EXERCISE PROMPT ->
Among the lines below, keep only those from the one containing "Lex Altern Magnetic" through the one containing "Resiplex (Multivitamin +", and reproduce them exactly.

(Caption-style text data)
------------------------------------

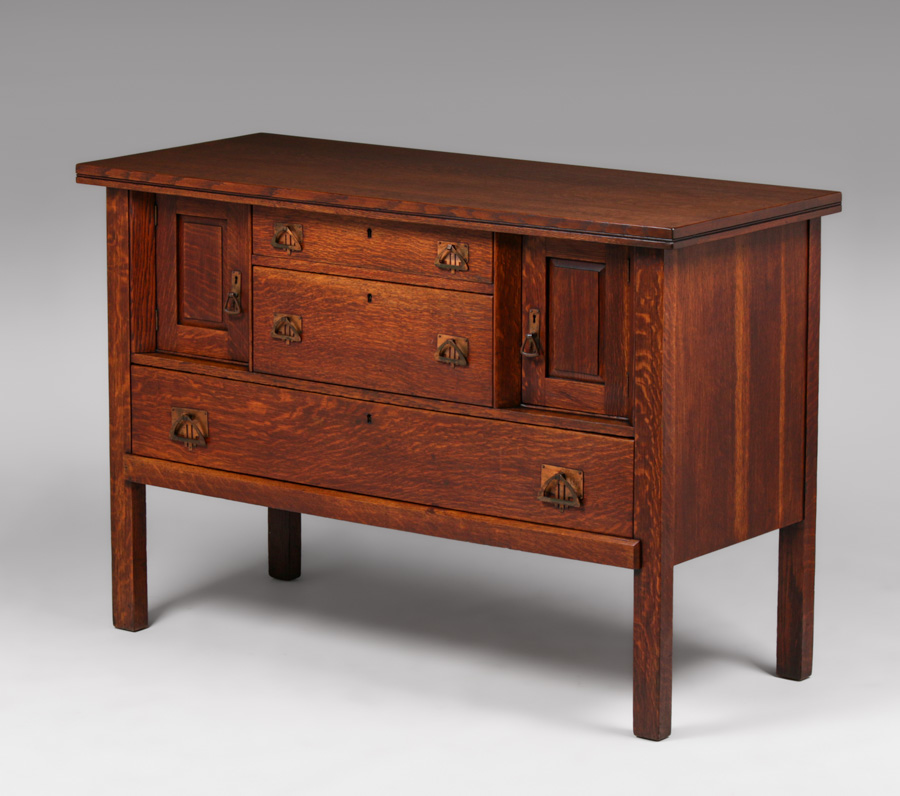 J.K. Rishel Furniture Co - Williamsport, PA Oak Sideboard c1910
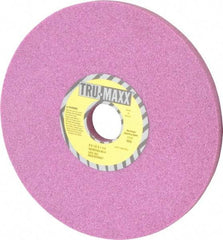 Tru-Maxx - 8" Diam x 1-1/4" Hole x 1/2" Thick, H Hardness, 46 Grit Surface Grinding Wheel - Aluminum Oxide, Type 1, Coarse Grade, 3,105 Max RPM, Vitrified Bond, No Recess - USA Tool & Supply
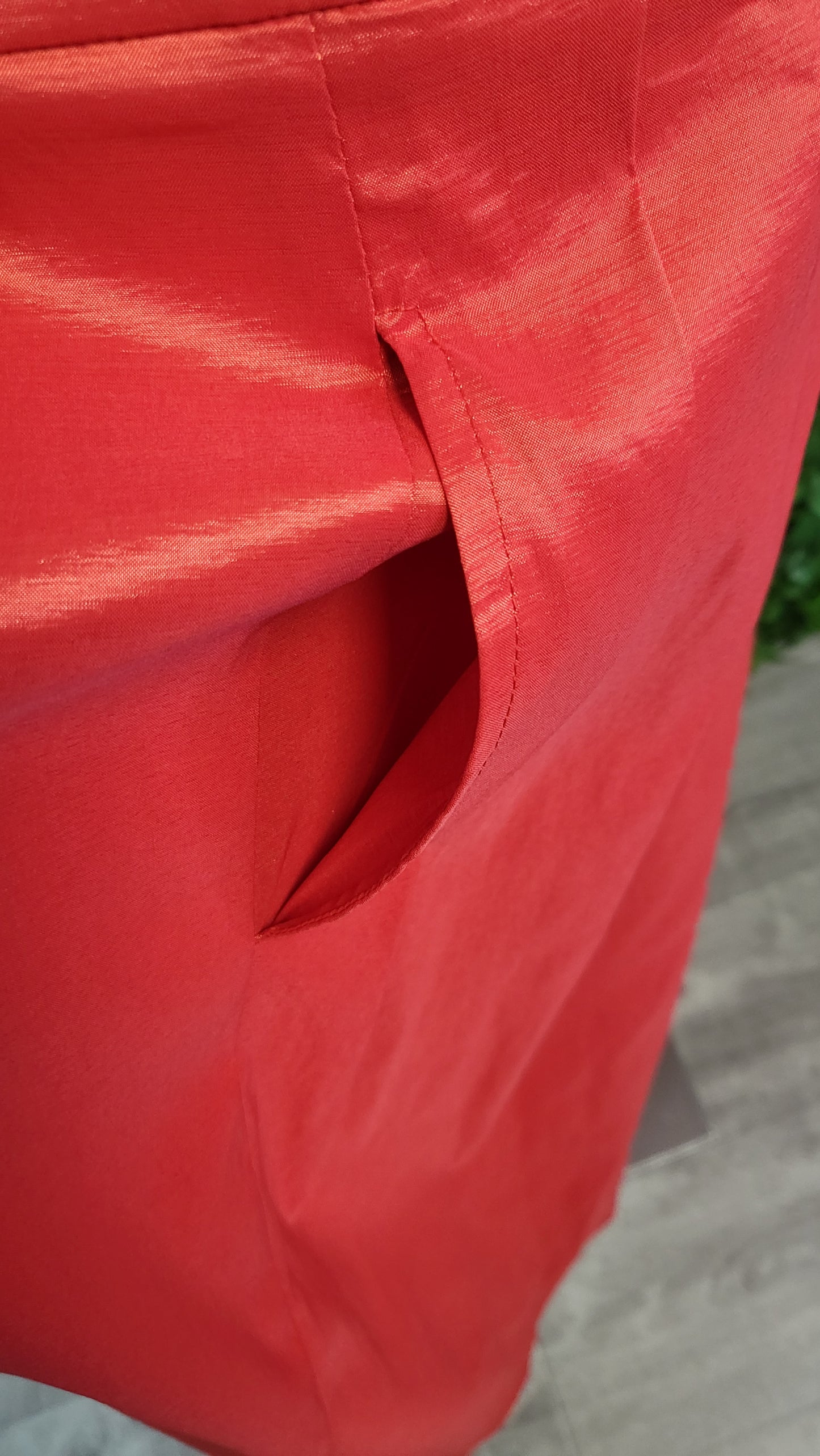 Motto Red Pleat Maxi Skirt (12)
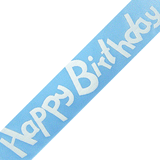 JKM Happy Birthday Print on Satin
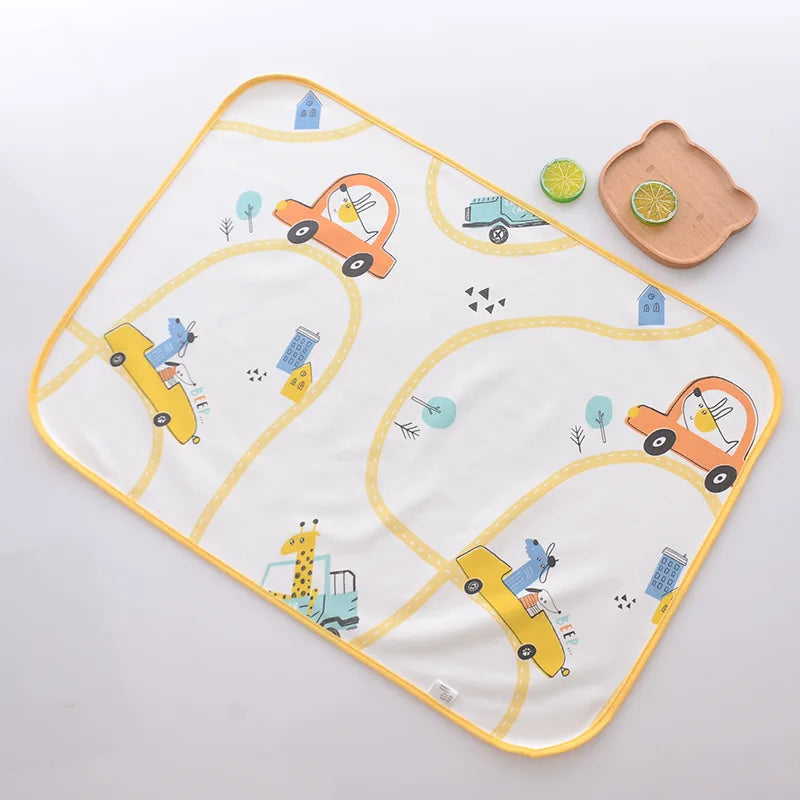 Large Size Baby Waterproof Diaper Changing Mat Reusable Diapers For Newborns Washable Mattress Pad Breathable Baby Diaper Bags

------------------------------------

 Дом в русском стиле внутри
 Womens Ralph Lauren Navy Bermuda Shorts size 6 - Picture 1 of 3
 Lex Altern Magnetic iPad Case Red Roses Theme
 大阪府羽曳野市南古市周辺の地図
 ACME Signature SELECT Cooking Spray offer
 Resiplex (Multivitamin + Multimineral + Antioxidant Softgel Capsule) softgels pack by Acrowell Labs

------------------------------------

TASK SOLUTION ->
 Lex Altern Magnetic iPad Case Red Roses Theme
 大阪府羽曳野市南古市周辺の地図
 ACME Signature SELECT Cooking Spray offer
 Resiplex (Multivitamin + Multimineral + Antioxidant Softgel Capsule) softgels pack by Acrowell Labs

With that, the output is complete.